= Joshua Oyinlola =

Anglican bishop in Nigeria

Joshua Sunday Oyinlola, MTh, DD is an Anglican bishop in Nigeria. He was Bishop of the Anglican Diocese of Irele-Eseodo in the Anglican Province of Ondo. He was elected as bishop in 2019. He retired on July 20, 2025 to Akure in Ondo State.

He was consecrated Bishop of Irele-Eseodo in March 29, 2019 at St David's Anglican Cathedral Church, Ijomu, Akure, by the Primate of All Nigeria, Nicholas Okoh. He was enthroned on April 9, 2019 in the Cathedral of St.
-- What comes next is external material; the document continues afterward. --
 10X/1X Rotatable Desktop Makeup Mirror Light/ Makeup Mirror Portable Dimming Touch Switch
Andrew's, Ode-Irele.

He was trained at Immanuel College of Theology in Ibadan after his secondary education at the Anglican Grammar School in Igbara-Oke, Ondo State, Nigeria in 1975. He was made deacon in 1978 and ordained priest in July, 1979 by the Rt. Rev. Isaac Bamidele Omowaiye Akintemi, MDiv.
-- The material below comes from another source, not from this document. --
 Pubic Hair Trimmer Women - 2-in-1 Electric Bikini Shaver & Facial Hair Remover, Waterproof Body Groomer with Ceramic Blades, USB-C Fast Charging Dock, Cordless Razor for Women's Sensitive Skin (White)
His interest in parish work motivated his further studies in theology in the area of pastoral care and counseling at Seabury-Western Theological Seminary in Evanston, Illinois, United States of American where he obtained is Masters in Theology.

He served as officiating chaplain in the Nigerian Army (Protestant) 1986-1988 on secondment.

He was preferred Canon in 1992 and preferred Archdeacon in 1993 by the Rt. Rev. Abraham Sunday Oluwole Olowoyo, BA Hon.

While in America he served on a committee for black ministry through the office of the Presiding Bishop of the Episcopal Church USA.

He was bishop's examining chaplain in Akura and Ijebu dioceses for more than 15 years.

He had an interdiocesan transfer from Ijebu Diocese to Akura Diocese in 2007. Altogether he served as a parish priest in ten different parishes and as an Archdeacon of seven different archdeaconries.

Providentially he was elected bishop while he was serving as a vicar at St. Paul's Anglican Church in Igbara-Oke and as Archdeacon of Igbara-Oke archdeaconry, the same place where he gained admission to the seminary in 1975.

He was awarded a Doctor of Divinity degree honorus causa by Bexley-Seabury Theological Seminay in October, 2024.

He has published three books:

Understanding Priesthood in the Anglican Communion (2003)

Beyond Death (2007)

The Pastor in the Context of the People (2025)

He also has contributed many academic papers.

He is happliy married with children and grandchildren.